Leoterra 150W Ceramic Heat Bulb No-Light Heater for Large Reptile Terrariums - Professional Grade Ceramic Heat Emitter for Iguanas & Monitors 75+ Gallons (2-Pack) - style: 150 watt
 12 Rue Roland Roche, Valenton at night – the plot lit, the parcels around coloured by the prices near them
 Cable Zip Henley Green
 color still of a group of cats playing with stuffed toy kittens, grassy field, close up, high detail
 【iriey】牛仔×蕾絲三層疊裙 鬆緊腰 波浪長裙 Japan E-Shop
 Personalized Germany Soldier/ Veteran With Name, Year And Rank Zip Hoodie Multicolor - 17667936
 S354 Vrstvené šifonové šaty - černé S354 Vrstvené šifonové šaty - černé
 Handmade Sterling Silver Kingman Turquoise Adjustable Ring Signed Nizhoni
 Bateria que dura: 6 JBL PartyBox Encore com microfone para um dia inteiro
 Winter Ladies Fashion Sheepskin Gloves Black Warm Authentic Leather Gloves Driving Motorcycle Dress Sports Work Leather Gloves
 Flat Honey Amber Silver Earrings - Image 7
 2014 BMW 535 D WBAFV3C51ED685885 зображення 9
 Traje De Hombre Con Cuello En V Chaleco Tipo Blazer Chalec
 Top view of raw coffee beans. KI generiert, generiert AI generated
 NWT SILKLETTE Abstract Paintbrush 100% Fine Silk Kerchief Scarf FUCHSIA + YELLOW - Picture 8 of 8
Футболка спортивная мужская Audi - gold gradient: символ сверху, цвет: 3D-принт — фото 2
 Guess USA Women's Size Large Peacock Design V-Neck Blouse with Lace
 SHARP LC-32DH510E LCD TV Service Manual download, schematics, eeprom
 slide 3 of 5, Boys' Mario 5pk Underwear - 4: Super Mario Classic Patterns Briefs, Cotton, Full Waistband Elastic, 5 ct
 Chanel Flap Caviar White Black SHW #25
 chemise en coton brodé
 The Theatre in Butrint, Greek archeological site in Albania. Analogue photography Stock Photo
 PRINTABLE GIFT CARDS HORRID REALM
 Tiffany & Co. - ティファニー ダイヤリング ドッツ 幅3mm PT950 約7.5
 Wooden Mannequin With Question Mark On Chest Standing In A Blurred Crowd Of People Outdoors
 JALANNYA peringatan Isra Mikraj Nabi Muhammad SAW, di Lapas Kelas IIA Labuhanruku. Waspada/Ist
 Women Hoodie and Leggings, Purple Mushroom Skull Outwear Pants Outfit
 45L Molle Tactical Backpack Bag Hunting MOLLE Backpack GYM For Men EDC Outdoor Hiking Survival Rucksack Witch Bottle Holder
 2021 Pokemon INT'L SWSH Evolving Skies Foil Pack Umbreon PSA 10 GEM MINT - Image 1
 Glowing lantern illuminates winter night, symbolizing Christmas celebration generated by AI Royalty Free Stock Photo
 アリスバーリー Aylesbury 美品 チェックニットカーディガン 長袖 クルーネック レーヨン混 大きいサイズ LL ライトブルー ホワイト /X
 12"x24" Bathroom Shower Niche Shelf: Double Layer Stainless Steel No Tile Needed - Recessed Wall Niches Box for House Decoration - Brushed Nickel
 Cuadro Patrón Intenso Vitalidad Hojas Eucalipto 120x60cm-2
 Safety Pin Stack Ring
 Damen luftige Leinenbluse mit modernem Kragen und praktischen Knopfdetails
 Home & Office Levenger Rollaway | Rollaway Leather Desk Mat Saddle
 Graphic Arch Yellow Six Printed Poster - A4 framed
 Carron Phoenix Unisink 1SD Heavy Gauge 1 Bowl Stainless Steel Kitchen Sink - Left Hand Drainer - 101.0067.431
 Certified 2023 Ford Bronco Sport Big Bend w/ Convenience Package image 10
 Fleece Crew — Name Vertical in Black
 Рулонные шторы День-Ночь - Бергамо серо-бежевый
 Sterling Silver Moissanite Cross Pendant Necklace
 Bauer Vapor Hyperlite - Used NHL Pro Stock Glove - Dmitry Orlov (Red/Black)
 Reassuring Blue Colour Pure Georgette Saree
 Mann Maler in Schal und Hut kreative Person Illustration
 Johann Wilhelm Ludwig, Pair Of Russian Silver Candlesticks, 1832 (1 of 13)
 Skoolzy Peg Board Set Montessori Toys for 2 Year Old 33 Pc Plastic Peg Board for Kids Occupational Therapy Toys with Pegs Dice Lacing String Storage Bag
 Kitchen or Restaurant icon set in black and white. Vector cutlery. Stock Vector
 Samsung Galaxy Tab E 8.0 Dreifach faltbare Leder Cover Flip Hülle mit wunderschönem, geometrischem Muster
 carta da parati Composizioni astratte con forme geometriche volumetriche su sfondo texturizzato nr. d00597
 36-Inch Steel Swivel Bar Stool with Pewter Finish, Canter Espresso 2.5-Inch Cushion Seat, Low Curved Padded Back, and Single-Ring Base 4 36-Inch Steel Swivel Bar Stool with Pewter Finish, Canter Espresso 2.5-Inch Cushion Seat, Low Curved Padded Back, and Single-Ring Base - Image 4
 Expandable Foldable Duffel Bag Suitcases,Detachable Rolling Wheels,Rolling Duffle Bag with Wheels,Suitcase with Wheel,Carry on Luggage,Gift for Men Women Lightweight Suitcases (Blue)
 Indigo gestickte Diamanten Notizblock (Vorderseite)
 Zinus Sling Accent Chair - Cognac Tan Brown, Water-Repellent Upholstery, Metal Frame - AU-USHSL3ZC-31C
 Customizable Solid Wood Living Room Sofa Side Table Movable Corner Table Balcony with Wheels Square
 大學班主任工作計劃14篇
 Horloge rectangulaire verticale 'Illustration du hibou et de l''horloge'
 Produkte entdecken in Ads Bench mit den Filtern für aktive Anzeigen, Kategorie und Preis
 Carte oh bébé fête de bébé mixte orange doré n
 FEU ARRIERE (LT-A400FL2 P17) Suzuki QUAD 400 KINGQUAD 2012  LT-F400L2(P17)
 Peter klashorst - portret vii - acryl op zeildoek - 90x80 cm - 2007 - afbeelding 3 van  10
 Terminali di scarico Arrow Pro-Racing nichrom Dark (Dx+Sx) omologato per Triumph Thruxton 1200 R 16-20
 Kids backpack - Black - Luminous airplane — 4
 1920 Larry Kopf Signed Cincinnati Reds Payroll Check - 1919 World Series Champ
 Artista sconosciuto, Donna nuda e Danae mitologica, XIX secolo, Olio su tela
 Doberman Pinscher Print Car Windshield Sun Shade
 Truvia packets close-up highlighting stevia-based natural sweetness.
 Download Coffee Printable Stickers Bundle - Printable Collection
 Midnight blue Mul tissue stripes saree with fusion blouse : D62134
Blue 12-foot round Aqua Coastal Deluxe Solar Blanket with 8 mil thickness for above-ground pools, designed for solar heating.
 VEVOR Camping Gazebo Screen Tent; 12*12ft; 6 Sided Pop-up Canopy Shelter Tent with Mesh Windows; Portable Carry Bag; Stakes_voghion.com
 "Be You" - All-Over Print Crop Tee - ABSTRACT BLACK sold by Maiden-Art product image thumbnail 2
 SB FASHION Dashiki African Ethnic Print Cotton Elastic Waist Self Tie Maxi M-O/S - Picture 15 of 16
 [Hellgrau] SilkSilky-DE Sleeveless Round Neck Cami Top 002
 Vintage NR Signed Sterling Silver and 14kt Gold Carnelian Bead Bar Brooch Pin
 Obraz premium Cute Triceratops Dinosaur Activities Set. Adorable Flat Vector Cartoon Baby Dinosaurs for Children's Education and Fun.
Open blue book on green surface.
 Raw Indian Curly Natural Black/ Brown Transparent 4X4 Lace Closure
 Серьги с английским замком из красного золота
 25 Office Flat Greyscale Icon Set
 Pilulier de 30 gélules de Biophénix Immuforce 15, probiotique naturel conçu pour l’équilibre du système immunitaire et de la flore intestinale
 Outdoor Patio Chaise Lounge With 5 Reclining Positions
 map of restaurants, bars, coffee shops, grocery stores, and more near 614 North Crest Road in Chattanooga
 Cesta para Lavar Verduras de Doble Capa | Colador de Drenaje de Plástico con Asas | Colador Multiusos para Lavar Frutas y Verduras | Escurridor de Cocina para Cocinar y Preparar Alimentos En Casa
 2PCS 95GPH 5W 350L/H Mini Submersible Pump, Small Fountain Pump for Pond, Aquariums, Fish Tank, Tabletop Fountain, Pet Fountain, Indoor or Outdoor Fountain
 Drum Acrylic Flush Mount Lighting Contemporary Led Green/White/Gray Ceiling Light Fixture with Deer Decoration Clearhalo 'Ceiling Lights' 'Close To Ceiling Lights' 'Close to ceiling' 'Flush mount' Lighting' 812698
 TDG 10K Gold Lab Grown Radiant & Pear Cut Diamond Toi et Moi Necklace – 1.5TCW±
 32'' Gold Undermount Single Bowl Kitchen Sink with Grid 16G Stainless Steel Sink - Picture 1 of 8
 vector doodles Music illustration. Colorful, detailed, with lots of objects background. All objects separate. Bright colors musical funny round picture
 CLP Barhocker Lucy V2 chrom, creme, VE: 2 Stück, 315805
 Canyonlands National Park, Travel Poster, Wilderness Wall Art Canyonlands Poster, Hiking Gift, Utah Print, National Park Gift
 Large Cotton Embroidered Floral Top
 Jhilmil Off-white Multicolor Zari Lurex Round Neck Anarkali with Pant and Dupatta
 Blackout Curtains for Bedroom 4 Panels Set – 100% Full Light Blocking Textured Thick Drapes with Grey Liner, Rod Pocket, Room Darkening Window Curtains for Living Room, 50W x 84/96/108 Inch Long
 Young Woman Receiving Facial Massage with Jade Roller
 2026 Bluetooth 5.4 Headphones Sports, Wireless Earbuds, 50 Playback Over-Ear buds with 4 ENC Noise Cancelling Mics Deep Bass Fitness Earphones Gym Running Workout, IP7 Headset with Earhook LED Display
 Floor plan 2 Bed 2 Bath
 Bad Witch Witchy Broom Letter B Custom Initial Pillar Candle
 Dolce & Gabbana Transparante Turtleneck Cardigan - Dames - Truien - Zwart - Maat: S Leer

• Prompt: Taking the line with "Рулонные шторы День-Ночь" as the first and the line with "Skoolzy Peg Board" as the last, retype that stretch of the data above exactly, with no other lines.

• Task output:
 Рулонные шторы День-Ночь - Бергамо серо-бежевый
 Sterling Silver Moissanite Cross Pendant Necklace
 Bauer Vapor Hyperlite - Used NHL Pro Stock Glove - Dmitry Orlov (Red/Black)
 Reassuring Blue Colour Pure Georgette Saree
 Mann Maler in Schal und Hut kreative Person Illustration
 Johann Wilhelm Ludwig, Pair Of Russian Silver Candlesticks, 1832 (1 of 13)
 Skoolzy Peg Board Set Montessori Toys for 2 Year Old 33 Pc Plastic Peg Board for Kids Occupational Therapy Toys with Pegs Dice Lacing String Storage Bag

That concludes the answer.